**ASSIGNMENT**: Return every entry exactly, except for any pictures.

-- -- --

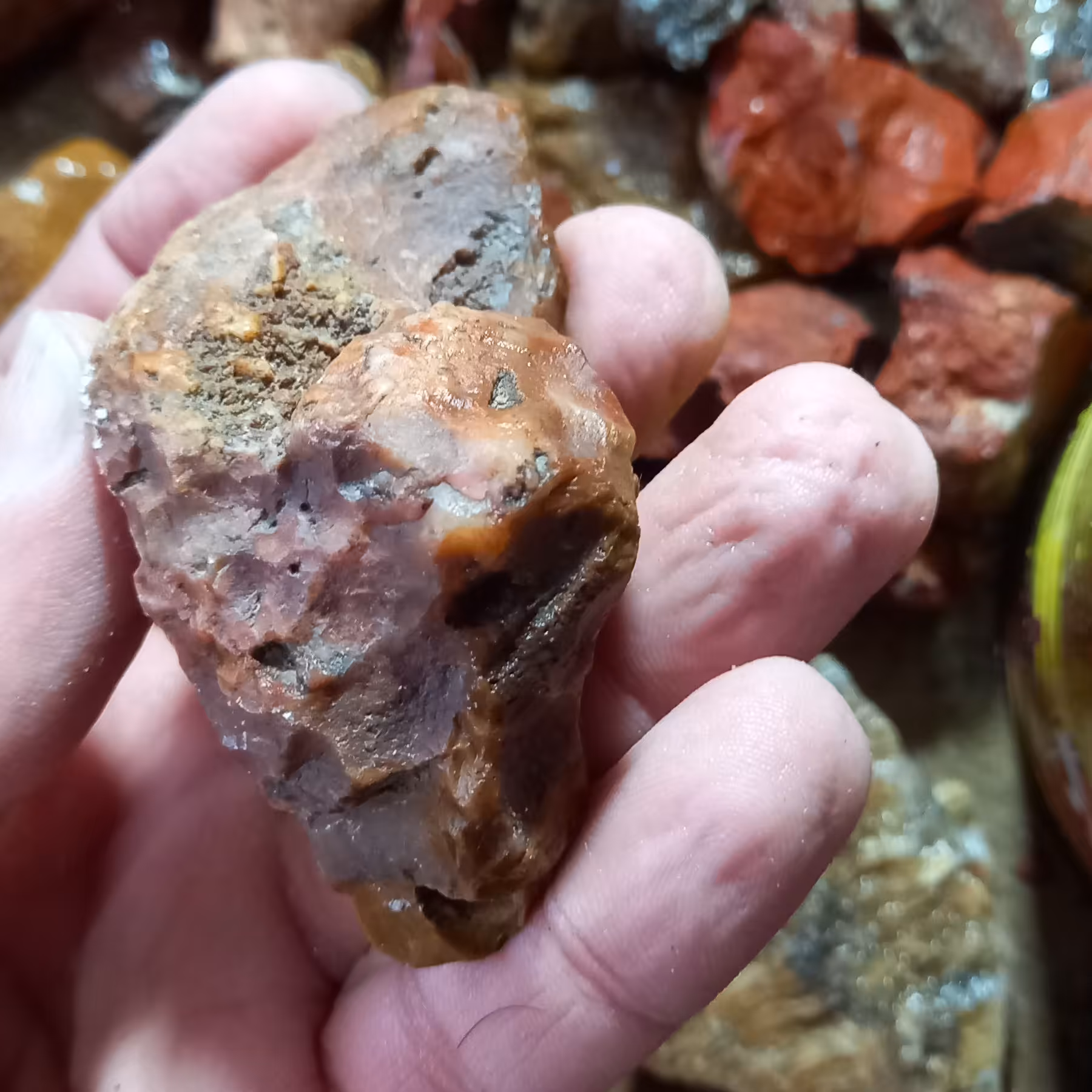 عقیق راف  شجر 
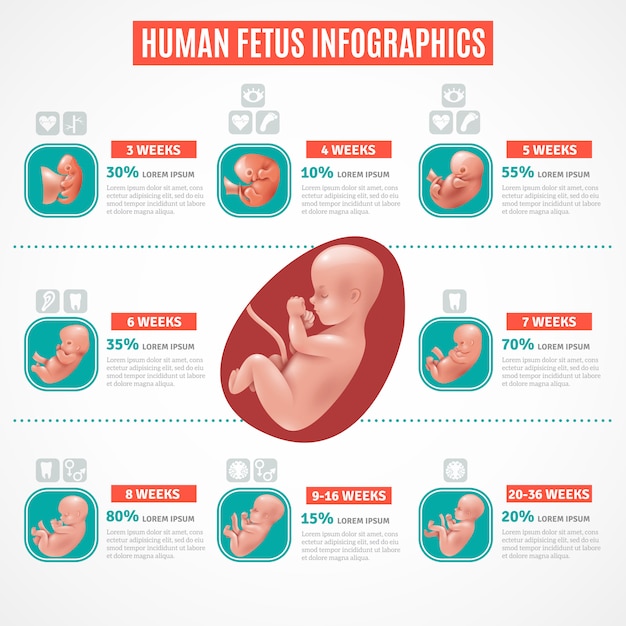 Infografia De Feto Humano Vetor Grátis 2886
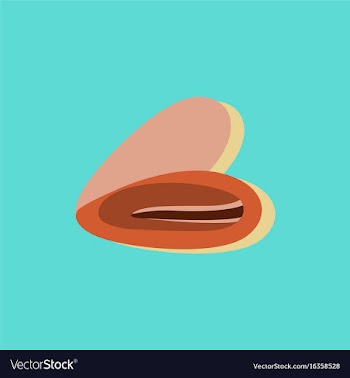 Scallop sea shell sketch style in sticker style vector image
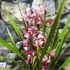 Kép 2/9 - Cymbidium 'Red Arrow' levirágzott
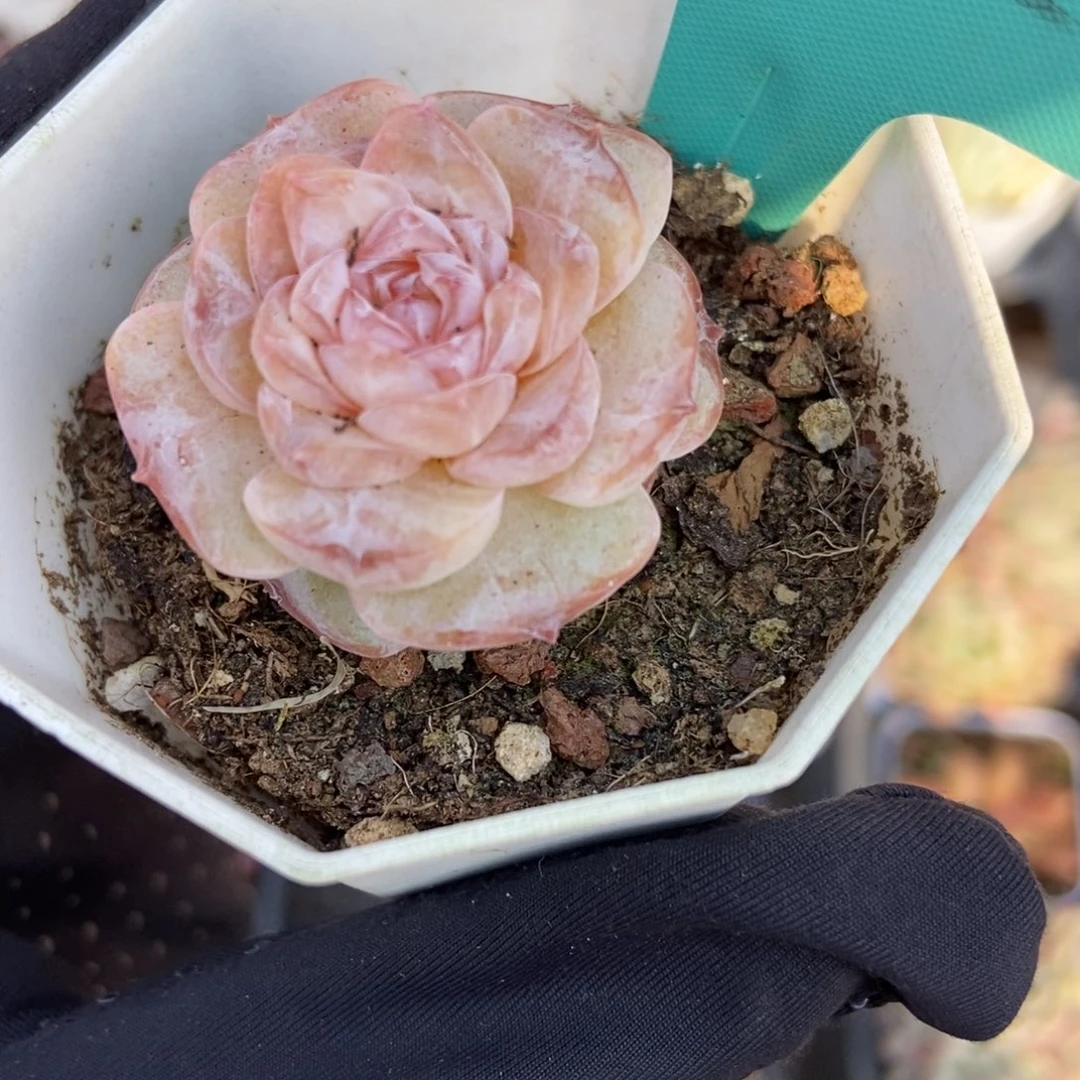 7222冰魄多肉植物保护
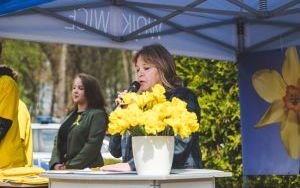 Wielka Kwesta Żonkilowa (4)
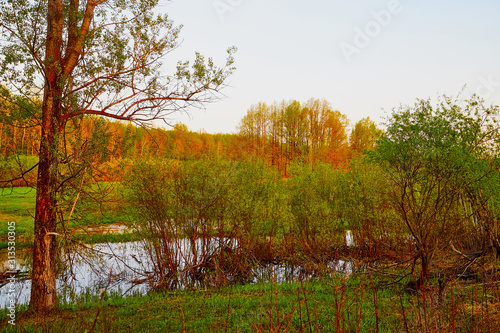 Nature landscape with field, water of lake or swamp and big tree on the foreground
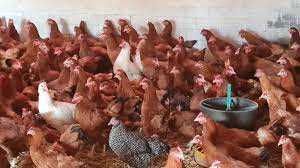 KURY NIOSKI Rossa Tetra Leghorn Sussex i inne z wolnego wybiegu !
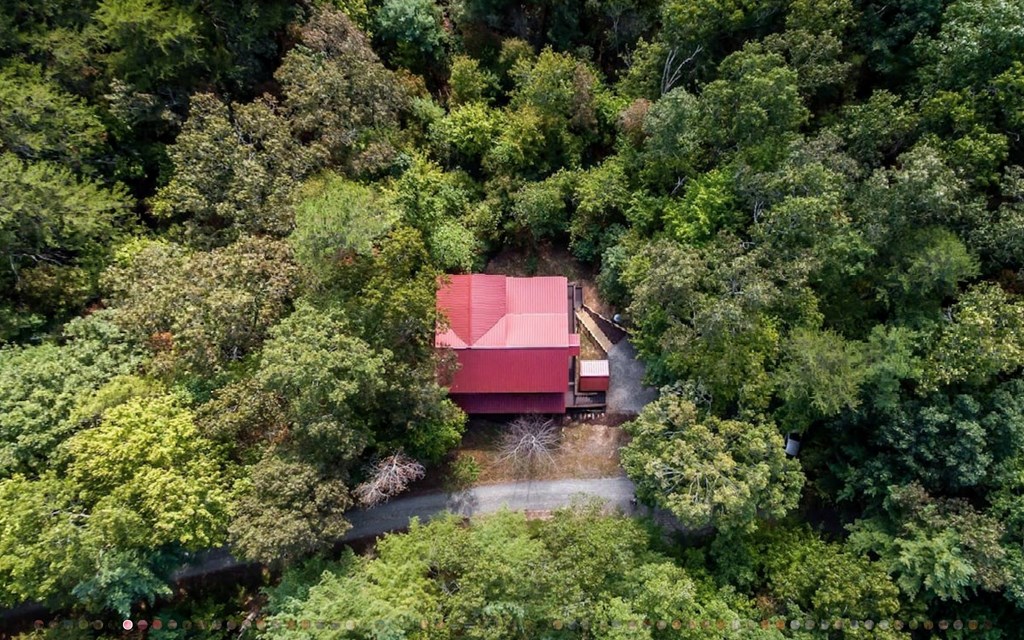 335 Mountain Laurel Lane Blue Ridge, GA 30513 - Photo 58 of 67 an aerial view of a house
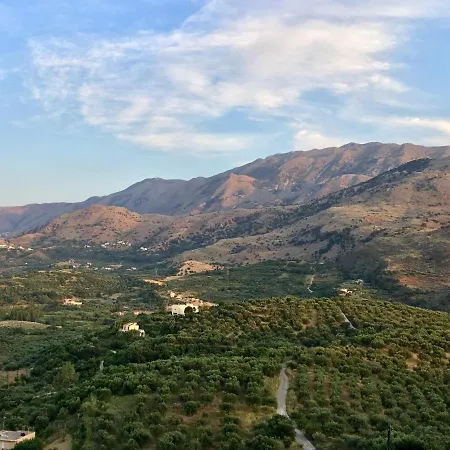 Marjoram - Morfi Village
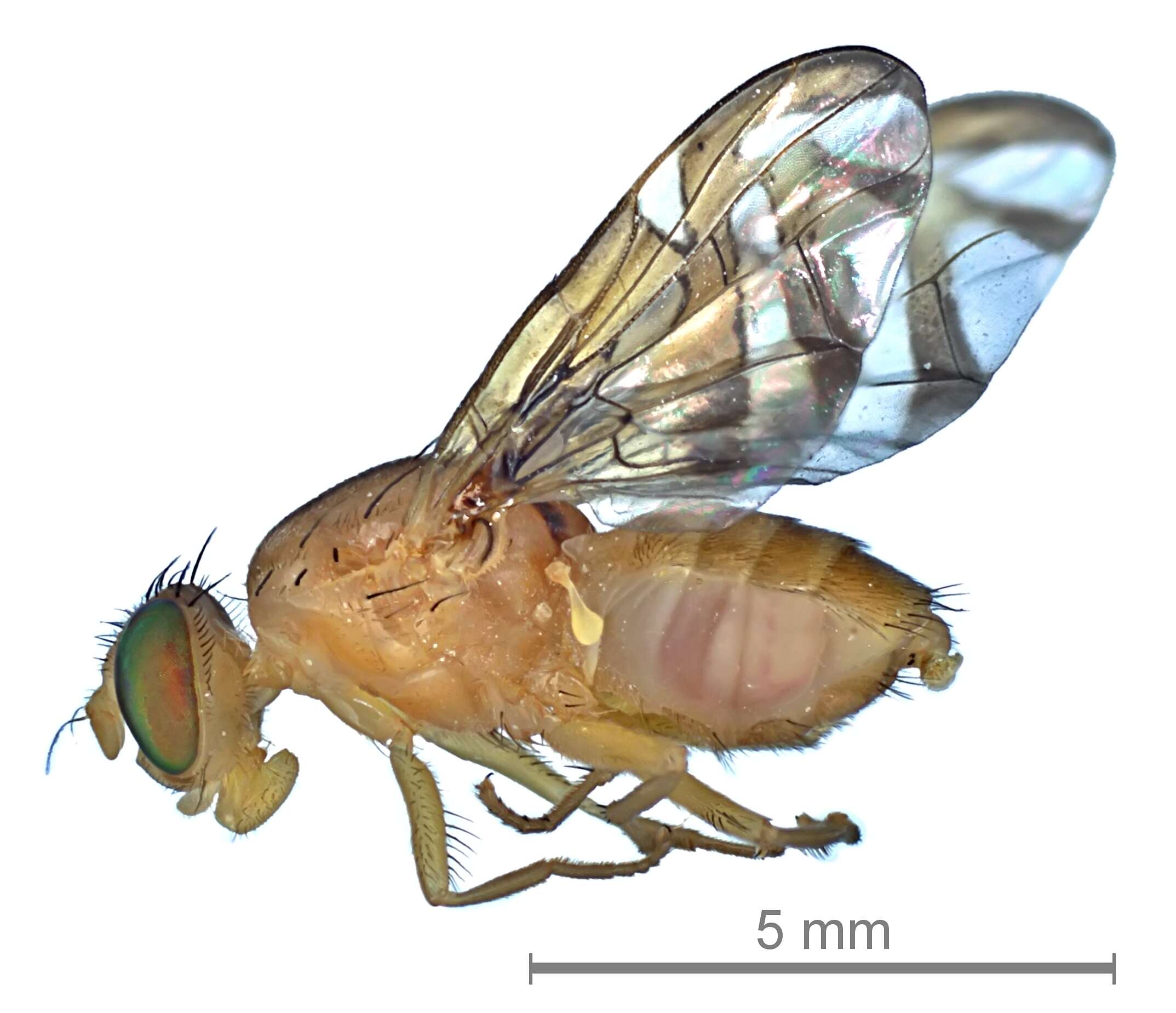 Image of West Indian fruit-fly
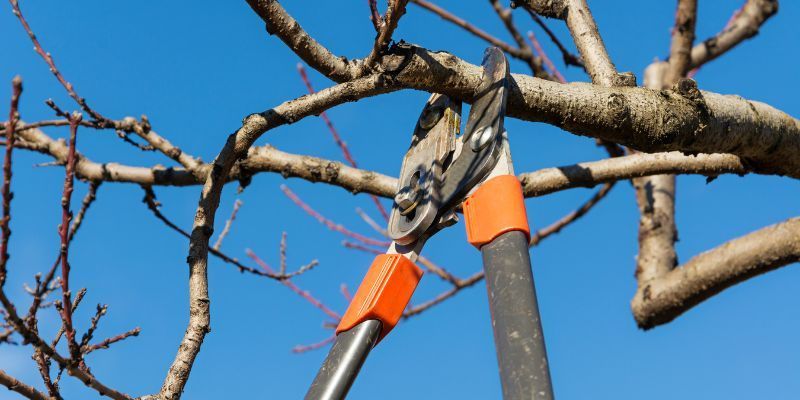 Hazardous Tree Pruning Service in Vista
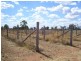 Warrego Highway, Miles QLD 4415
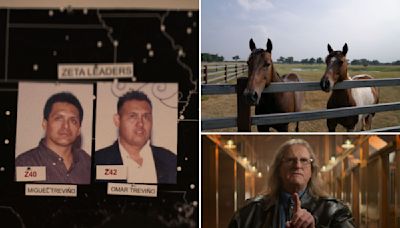 Cowboy Cartel: How FBI busted deadly Mexican gang by tracking their quarter horses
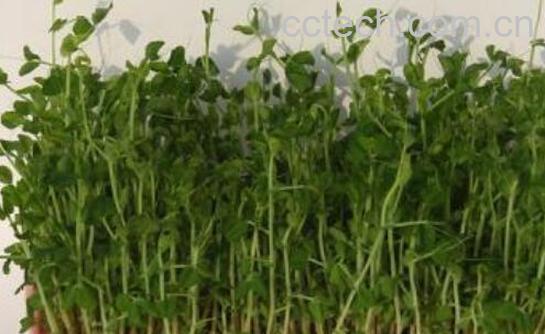 麦芽菜怎么炒 麦芽菜怎么做好吃大全-1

-- -- --

**YOUR RESPONSE**:
 عقیق راف  شجر 
 Infografia De Feto Humano Vetor Grátis 2886
 Scallop sea shell sketch style in sticker style vector image
 Kép 2/9 - Cymbidium 'Red Arrow' levirágzott
 7222冰魄多肉植物保护
 Wielka Kwesta Żonkilowa (4)
 Nature landscape with field, water of lake or swamp and big tree on the foreground
 KURY NIOSKI Rossa Tetra Leghorn Sussex i inne z wolnego wybiegu !
 335 Mountain Laurel Lane Blue Ridge, GA 30513 - Photo 58 of 67 an aerial view of a house
 Marjoram - Morfi Village
 Image of West Indian fruit-fly
 Hazardous Tree Pruning Service in Vista
 Warrego Highway, Miles QLD 4415
 Cowboy Cartel: How FBI busted deadly Mexican gang by tracking their quarter horses
 麦芽菜怎么炒 麦芽菜怎么做好吃大全-1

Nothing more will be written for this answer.